Once the images are set aside, print the remaining lines below exactly.

────────────────

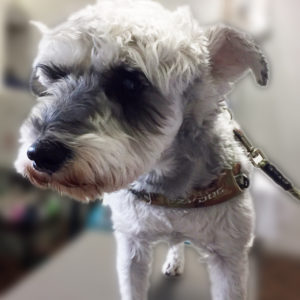 よろしくMシュナ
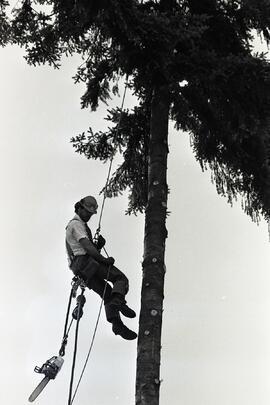 Randy Ireland of Budget Tree Topping descends from a 115 foot fir tree he is cutting down in back...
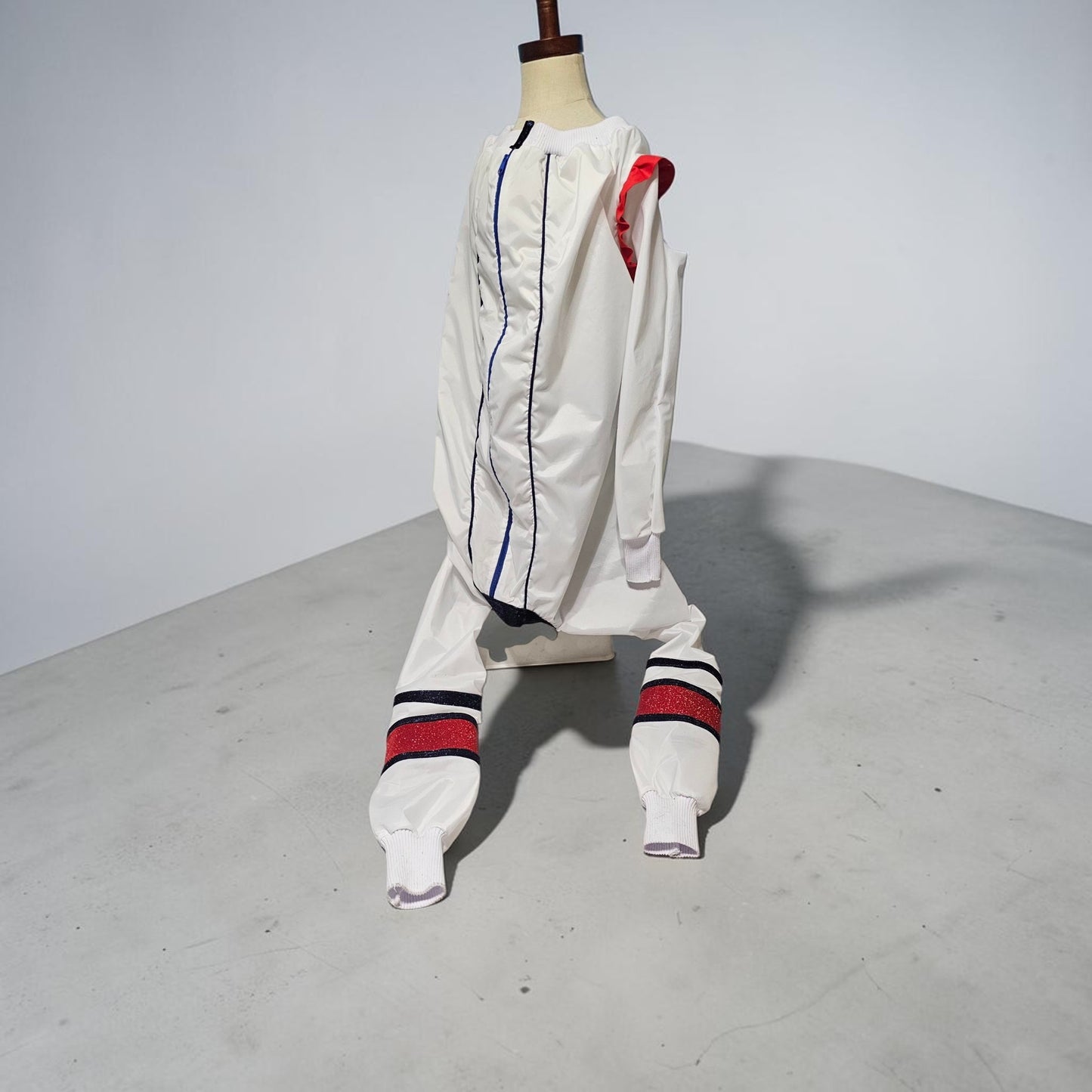 80s USA pet track suit, Whitney super bowl pet costume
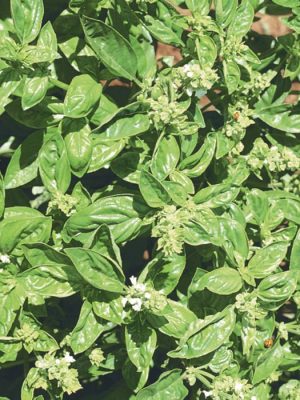 Sweet Basil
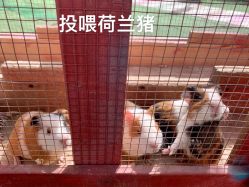 -萌宠亲子动物乐园(槐房万达店)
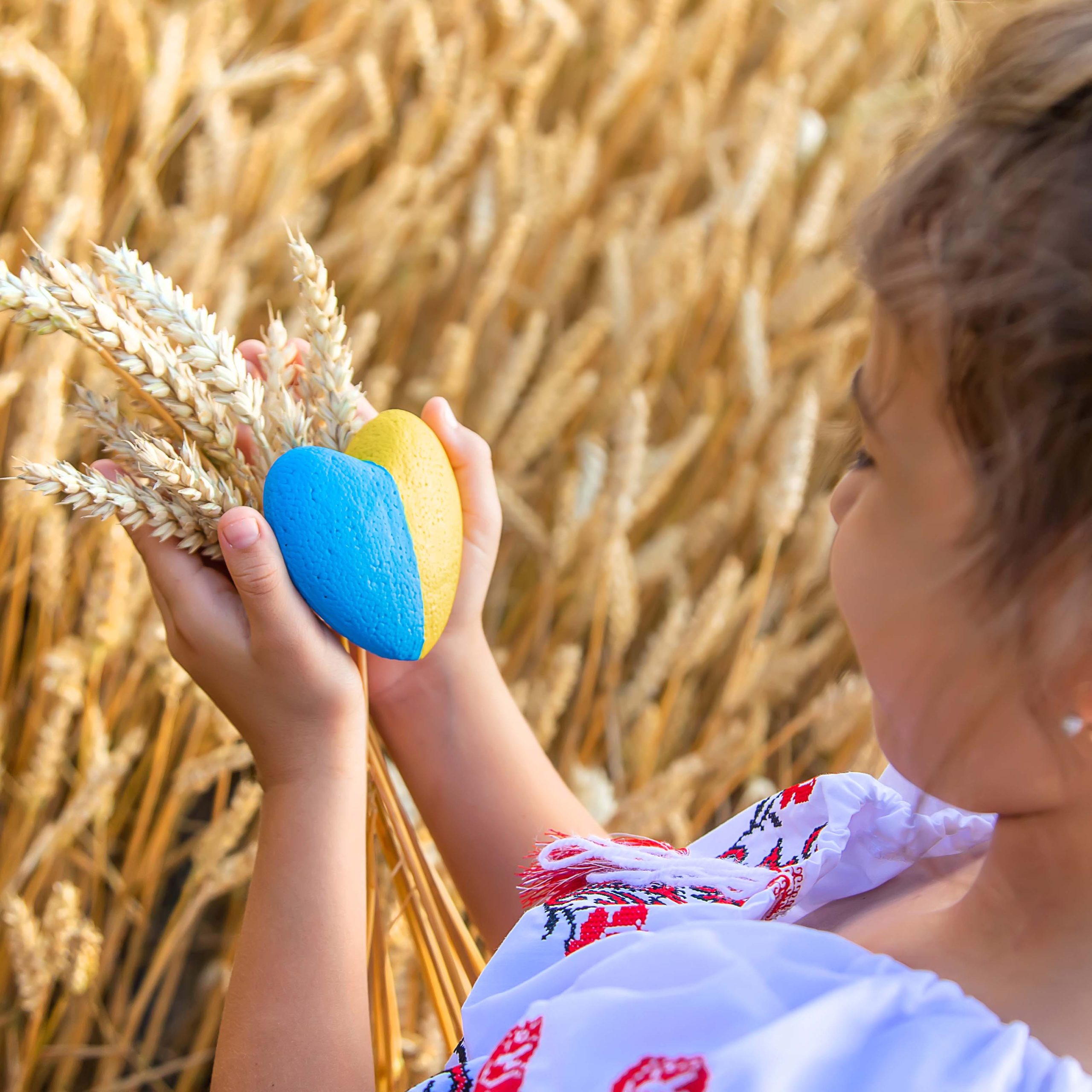 Child in a wheat field. In vyshyvanka, the concept of the Independence Day of Ukraine. Selective focus. Kid.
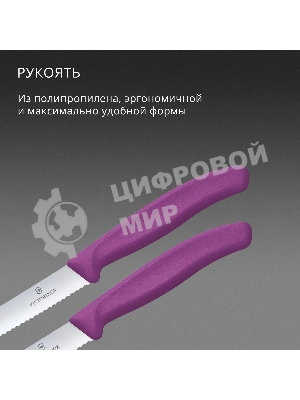 Набор ножей Victorinox Swiss Classic 6.7835.2C1 компл.: 2предм. фиолетовый европодвес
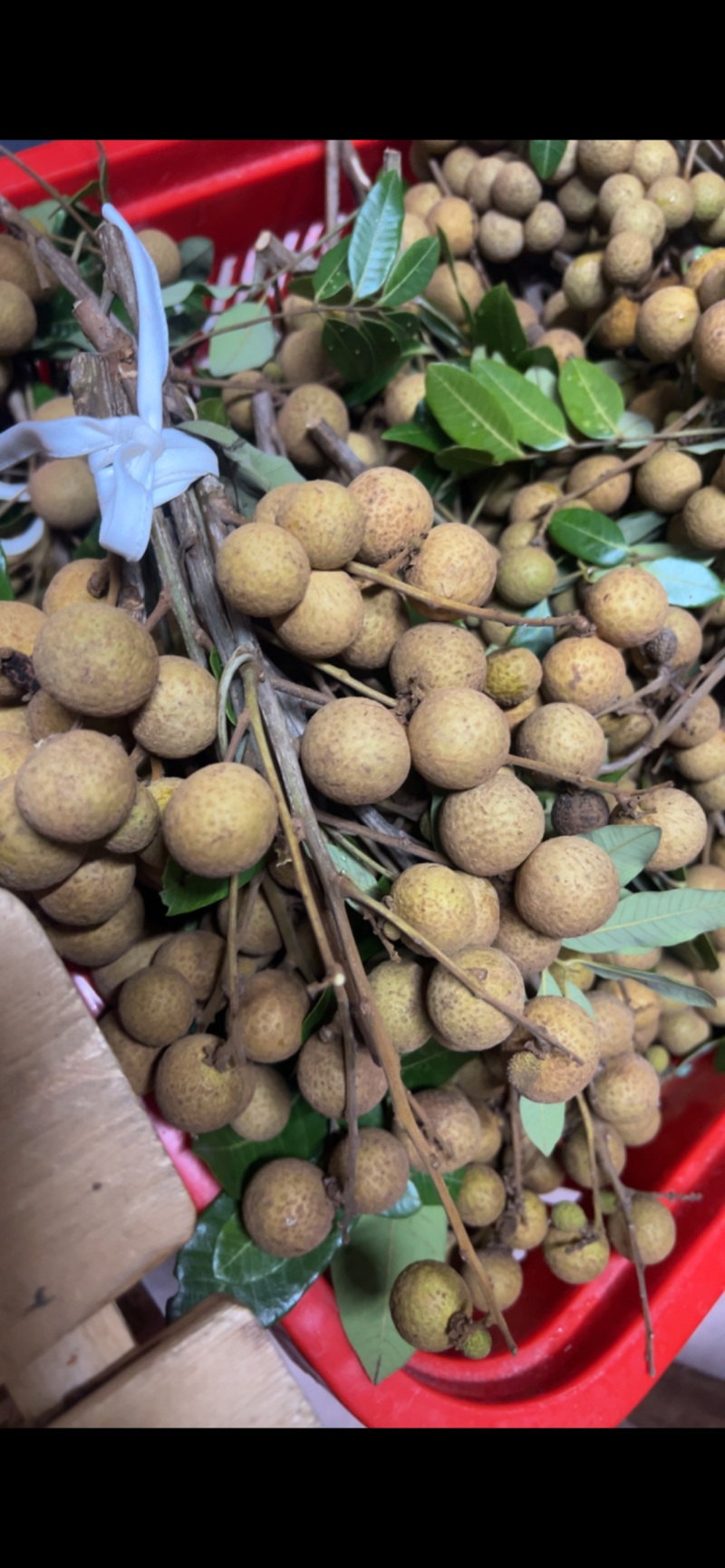 桂圆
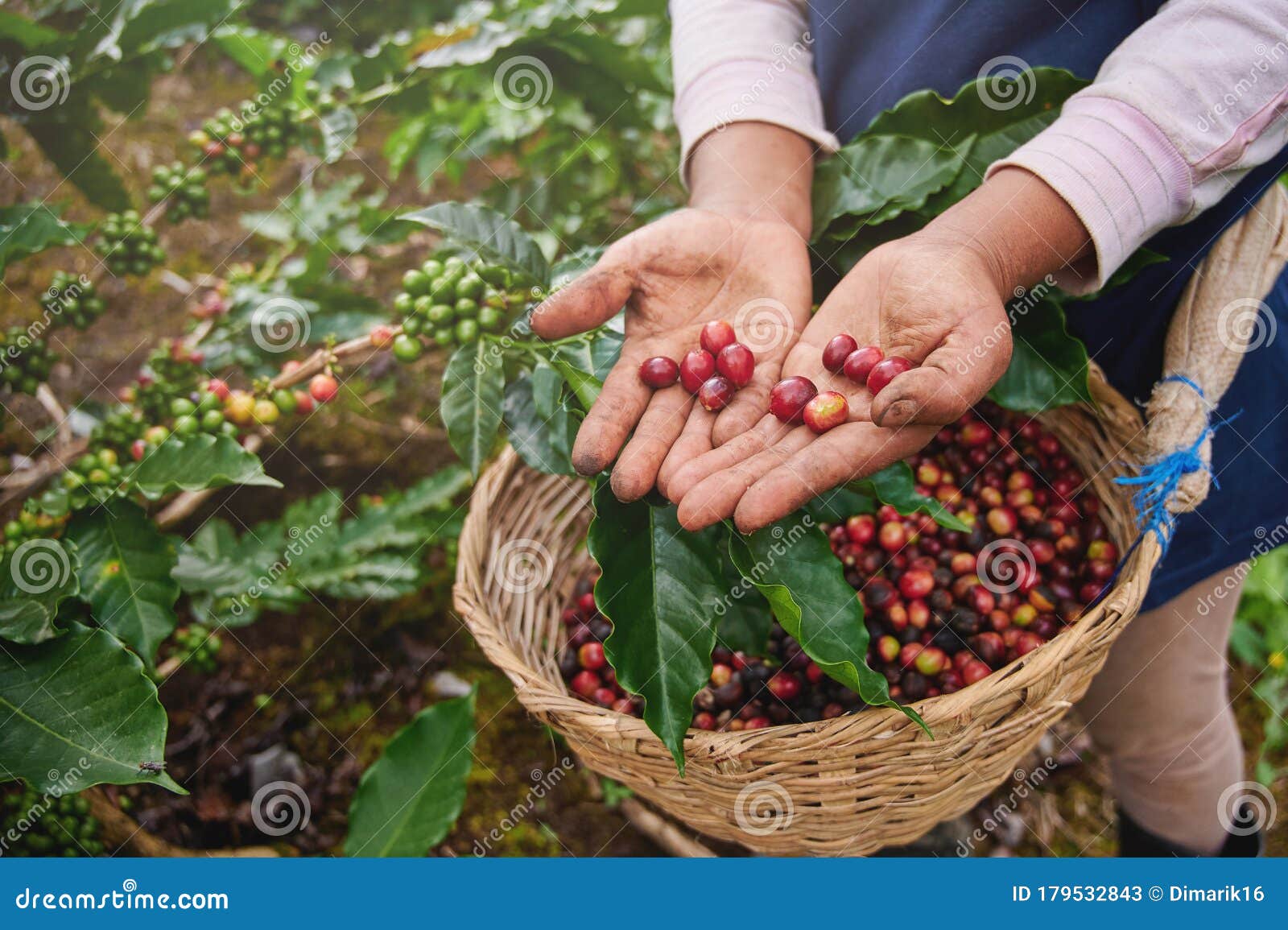 coffee picker show red cherries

────────────────

Result of the exercise —
 よろしくMシュナ
 Randy Ireland of Budget Tree Topping descends from a 115 foot fir tree he is cutting down in back...
 80s USA pet track suit, Whitney super bowl pet costume
 Sweet Basil
 -萌宠亲子动物乐园(槐房万达店)
 Child in a wheat field. In vyshyvanka, the concept of the Independence Day of Ukraine. Selective focus. Kid.
 Набор ножей Victorinox Swiss Classic 6.7835.2C1 компл.: 2предм. фиолетовый европодвес
 桂圆
 coffee picker show red cherries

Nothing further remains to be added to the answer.